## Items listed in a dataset
= = =

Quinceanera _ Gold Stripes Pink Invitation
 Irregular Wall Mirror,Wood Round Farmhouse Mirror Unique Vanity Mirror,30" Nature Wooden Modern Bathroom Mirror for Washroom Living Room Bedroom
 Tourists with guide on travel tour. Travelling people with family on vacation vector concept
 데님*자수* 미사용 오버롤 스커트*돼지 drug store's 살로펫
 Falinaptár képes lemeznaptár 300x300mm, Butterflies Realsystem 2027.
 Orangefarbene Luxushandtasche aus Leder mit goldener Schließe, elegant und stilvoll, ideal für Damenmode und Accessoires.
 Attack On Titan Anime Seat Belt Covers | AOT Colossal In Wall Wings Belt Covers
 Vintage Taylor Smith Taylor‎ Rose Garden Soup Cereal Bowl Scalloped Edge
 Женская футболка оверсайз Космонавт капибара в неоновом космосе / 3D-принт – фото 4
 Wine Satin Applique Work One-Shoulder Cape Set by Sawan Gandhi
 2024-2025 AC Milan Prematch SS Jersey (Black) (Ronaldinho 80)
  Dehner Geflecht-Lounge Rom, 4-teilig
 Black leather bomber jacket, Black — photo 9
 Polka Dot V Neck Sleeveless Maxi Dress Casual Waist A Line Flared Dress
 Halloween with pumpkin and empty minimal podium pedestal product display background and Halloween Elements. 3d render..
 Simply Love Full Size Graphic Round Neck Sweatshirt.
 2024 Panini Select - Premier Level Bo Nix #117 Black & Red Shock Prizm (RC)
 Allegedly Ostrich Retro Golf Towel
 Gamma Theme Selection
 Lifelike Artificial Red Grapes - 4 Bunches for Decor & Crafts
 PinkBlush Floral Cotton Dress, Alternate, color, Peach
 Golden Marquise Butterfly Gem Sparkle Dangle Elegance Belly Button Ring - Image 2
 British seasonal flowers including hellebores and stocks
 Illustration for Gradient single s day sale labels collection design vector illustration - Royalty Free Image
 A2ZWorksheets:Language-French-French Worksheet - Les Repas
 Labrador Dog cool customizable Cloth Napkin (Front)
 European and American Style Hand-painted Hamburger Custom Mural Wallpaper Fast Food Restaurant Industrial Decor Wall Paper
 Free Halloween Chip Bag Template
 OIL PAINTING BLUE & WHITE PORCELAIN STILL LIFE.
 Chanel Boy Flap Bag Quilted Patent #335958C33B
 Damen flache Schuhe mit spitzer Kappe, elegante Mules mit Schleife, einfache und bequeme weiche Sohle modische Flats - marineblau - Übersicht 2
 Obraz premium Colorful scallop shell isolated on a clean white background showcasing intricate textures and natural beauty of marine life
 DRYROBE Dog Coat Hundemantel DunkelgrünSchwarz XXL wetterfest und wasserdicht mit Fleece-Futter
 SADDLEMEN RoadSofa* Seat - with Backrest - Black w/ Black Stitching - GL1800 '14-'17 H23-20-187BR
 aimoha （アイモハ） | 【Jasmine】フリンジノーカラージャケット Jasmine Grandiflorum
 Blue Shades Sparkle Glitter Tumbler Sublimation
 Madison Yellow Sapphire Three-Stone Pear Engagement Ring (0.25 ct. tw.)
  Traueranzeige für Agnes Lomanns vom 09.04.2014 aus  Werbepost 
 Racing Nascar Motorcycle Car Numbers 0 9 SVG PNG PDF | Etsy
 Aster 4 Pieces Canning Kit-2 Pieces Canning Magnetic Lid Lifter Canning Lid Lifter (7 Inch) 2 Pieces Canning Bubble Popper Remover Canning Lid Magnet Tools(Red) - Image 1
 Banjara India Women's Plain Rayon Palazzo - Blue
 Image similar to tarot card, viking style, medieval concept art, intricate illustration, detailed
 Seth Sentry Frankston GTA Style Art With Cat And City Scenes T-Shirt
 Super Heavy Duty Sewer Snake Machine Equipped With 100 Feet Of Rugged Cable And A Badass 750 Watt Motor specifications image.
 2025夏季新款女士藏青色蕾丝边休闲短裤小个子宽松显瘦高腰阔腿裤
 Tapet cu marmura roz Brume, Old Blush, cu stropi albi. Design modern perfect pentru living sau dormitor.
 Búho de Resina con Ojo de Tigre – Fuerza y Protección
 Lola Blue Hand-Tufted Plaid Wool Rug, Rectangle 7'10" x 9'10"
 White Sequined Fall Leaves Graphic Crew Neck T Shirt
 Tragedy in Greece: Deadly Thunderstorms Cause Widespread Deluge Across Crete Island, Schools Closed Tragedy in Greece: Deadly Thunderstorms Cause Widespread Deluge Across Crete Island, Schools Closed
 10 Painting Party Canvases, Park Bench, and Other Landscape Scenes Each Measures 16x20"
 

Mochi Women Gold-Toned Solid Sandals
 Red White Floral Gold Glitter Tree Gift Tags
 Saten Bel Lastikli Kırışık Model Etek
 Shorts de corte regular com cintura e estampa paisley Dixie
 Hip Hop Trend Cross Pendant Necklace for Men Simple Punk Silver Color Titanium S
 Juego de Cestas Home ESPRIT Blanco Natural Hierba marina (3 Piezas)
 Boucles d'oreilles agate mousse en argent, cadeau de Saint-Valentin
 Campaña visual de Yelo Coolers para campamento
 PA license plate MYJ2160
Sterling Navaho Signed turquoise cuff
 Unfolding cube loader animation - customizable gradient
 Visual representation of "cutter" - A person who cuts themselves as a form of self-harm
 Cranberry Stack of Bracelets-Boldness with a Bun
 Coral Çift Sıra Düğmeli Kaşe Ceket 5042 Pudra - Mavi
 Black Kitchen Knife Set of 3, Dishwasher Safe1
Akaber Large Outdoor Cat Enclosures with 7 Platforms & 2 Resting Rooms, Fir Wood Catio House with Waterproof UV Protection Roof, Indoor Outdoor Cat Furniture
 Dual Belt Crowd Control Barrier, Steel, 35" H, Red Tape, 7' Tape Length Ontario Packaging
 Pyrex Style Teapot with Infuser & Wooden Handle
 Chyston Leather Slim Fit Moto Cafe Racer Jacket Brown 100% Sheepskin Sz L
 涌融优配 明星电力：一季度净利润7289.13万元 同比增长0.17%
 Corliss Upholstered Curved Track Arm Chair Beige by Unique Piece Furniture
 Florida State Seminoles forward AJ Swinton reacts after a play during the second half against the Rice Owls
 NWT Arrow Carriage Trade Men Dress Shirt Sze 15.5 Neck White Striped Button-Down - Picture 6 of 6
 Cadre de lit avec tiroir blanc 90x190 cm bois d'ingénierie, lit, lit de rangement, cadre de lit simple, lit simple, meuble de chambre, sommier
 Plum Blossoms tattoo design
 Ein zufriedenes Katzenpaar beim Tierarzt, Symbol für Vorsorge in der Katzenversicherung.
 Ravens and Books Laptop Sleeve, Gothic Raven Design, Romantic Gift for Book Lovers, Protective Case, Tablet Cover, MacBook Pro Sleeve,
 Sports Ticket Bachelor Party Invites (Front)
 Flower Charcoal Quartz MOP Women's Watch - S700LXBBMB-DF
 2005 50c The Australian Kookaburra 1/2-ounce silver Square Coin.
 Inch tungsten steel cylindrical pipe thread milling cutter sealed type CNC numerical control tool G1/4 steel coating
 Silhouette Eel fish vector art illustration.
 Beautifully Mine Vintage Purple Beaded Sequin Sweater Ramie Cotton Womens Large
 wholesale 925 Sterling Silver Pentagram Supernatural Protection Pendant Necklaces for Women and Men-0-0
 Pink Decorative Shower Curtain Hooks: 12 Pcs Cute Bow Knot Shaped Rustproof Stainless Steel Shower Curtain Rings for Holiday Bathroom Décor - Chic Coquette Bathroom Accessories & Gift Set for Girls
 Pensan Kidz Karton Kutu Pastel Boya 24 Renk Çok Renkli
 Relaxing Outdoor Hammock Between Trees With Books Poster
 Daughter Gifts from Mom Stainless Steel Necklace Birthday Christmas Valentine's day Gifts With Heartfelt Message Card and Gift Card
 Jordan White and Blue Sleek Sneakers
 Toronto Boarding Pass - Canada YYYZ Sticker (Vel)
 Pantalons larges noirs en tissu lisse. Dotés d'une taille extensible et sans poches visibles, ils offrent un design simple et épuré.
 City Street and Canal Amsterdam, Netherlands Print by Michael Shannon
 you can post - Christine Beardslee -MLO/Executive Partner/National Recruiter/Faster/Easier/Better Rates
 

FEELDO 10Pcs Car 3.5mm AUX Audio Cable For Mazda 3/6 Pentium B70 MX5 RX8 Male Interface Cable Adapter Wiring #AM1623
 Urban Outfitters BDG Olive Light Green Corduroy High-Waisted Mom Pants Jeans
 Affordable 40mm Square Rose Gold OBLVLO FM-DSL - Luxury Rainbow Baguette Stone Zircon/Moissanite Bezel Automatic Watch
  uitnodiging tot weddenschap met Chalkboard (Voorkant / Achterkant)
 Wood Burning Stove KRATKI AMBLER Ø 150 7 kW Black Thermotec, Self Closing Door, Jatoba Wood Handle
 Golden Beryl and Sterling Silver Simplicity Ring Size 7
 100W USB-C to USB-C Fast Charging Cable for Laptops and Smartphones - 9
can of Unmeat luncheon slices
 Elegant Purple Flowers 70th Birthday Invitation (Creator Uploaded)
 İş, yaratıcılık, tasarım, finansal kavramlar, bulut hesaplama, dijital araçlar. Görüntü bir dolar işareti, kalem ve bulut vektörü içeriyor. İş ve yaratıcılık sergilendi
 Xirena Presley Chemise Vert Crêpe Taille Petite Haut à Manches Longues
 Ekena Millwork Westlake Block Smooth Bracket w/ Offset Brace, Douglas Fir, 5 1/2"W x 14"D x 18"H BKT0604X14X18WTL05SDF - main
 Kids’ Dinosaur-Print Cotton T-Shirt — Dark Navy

= = =

## EXERCISE
Each line containing the word "Scenes" needs to be copied from the data above.

## OUTPUT FOR THIS TASK
 Seth Sentry Frankston GTA Style Art With Cat And City Scenes T-Shirt
 10 Painting Party Canvases, Park Bench, and Other Landscape Scenes Each Measures 16x20"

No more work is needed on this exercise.